Return every record below exactly as given, images excluded.

[Entries taken from a collection]
[Start of Attachment]
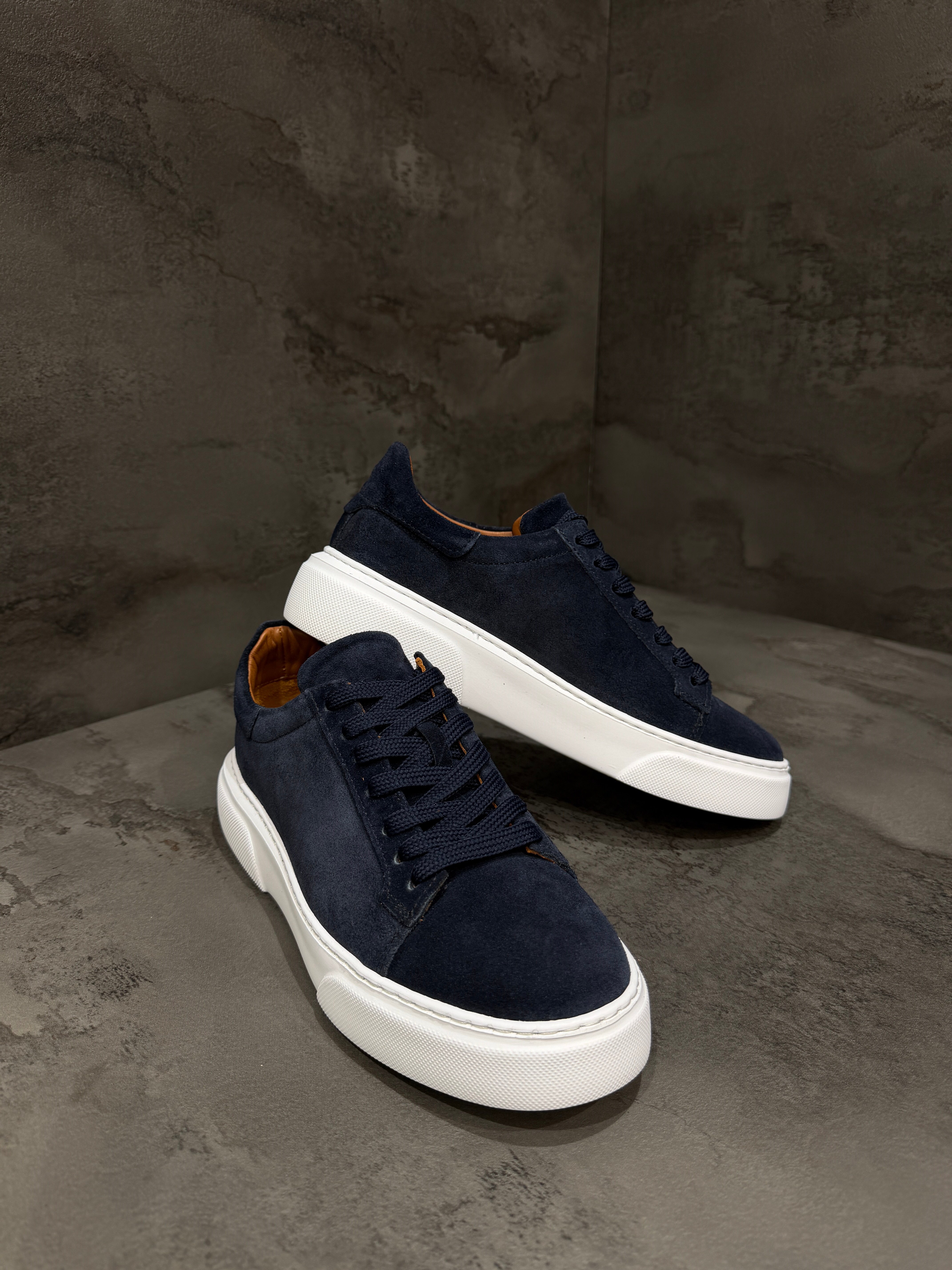 Süet Sneaker | Lacivert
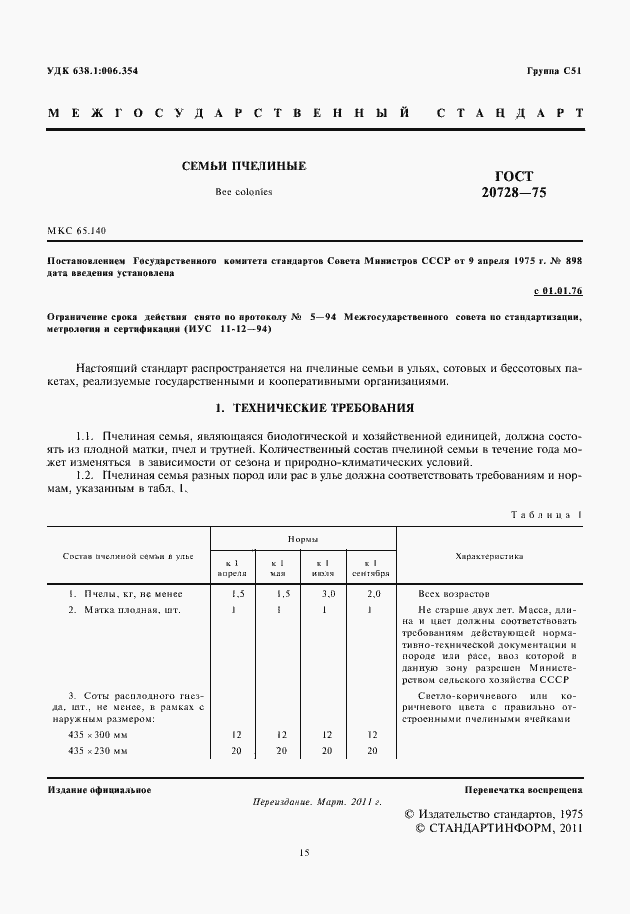 Страница 3 ГОСТ 20728-75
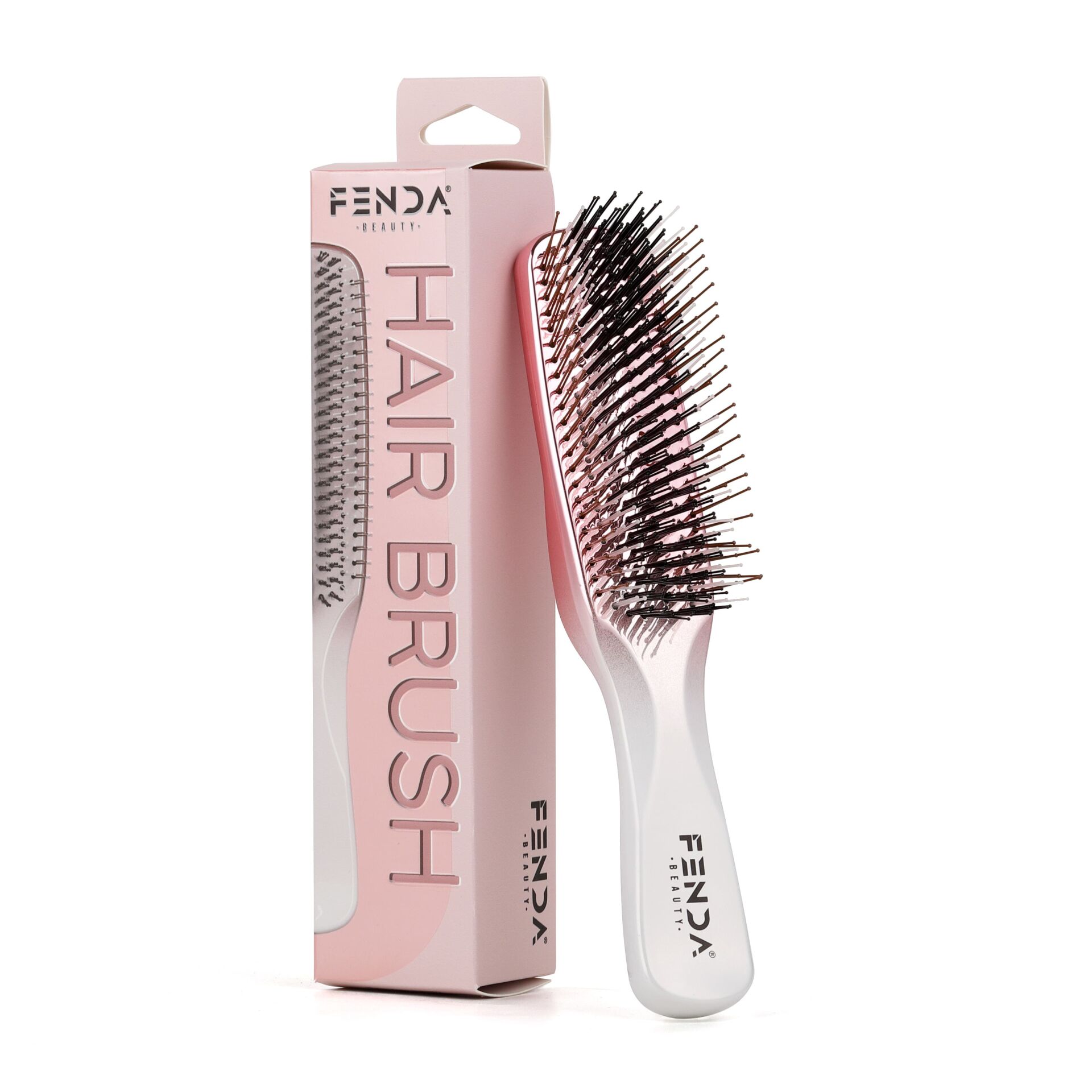 Fenda Profesyonel 4 Pinli Ergonomik Pembe Saç Fırçası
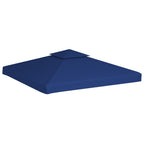 Pavillon-Ersatzdach 310 g/m² Dunkelblau 3x3 m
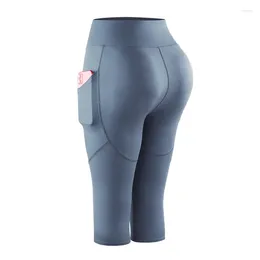 Shorts attivi Donne rapide pantaloni della tuta asciutti ad alti pantaloni elastici che eseguono abbigliamento sportivo yoga pilates leggings pieghevoli fitness capris femminile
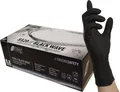 Produktbild: NITRAS® Einmalhandschuhe BLACK WAVE M schwarz 8320
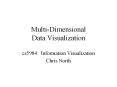 Multi-Dimensional Data Visualization PowerPoint PPT Presentation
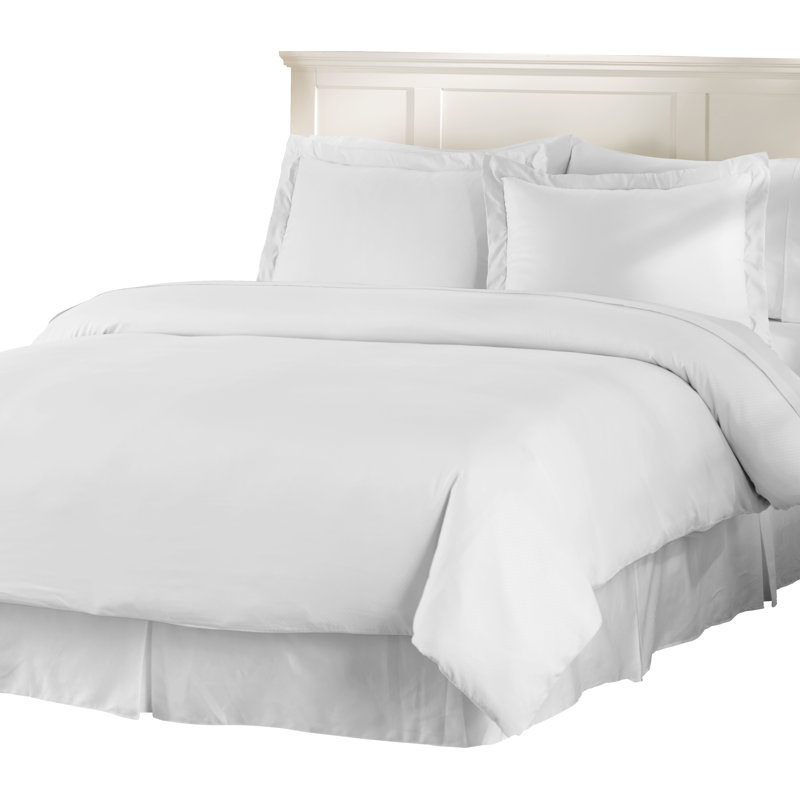 Basics Standard Duvet Cover, White, King Duvet Cover + 2 King Shams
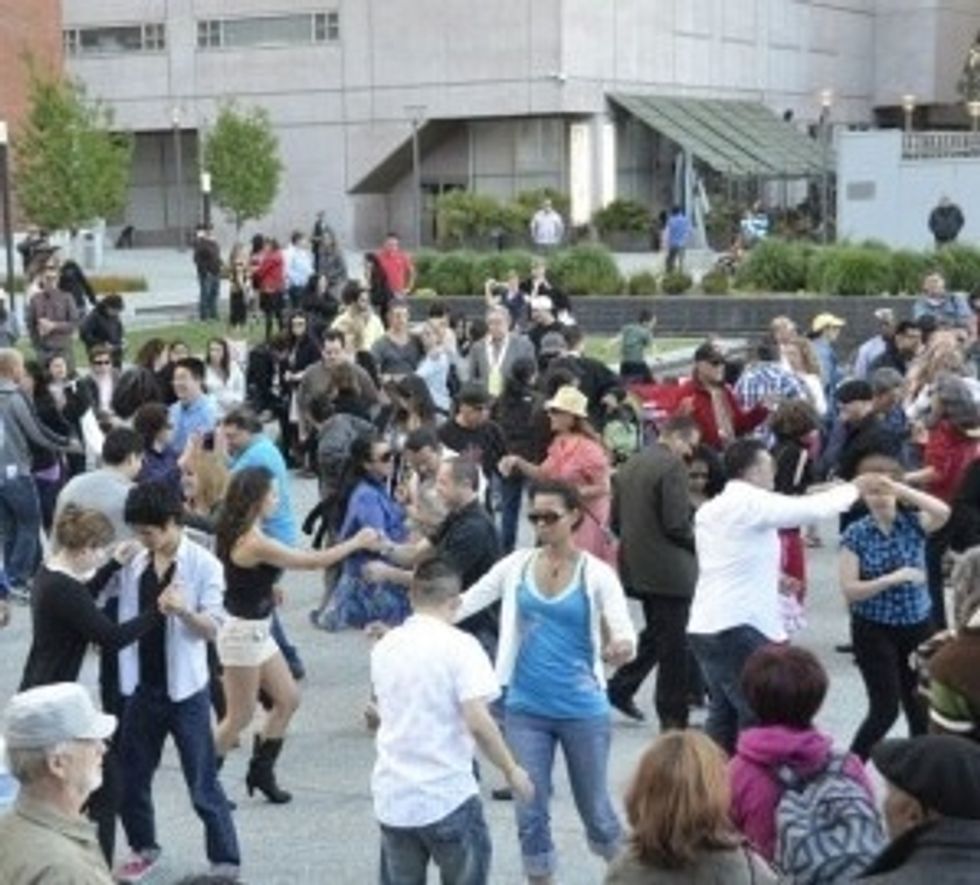 YBGF also sponsors free dances (including free dance lessons!), concerts, poetry, spoken word and other cultural offerings across the street in Jesse Square.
[End of Attachment]
Task answer:
 Süet Sneaker | Lacivert
 Страница 3 ГОСТ 20728-75
 Fenda Profesyonel 4 Pinli Ergonomik Pembe Saç Fırçası
 Pavillon-Ersatzdach 310 g/m² Dunkelblau 3x3 m
 Shorts attivi Donne rapide pantaloni della tuta asciutti ad alti pantaloni elastici che eseguono abbigliamento sportivo yoga pilates leggings pieghevoli fitness capris femminile
 Produktbild: NITRAS® Einmalhandschuhe BLACK WAVE M schwarz 8320
 Multi-Dimensional Data Visualization PowerPoint PPT Presentation
 Basics Standard Duvet Cover, White, King Duvet Cover + 2 King Shams
 YBGF also sponsors free dances (including free dance lessons!), concerts, poetry, spoken word and other cultural offerings across the street in Jesse Square.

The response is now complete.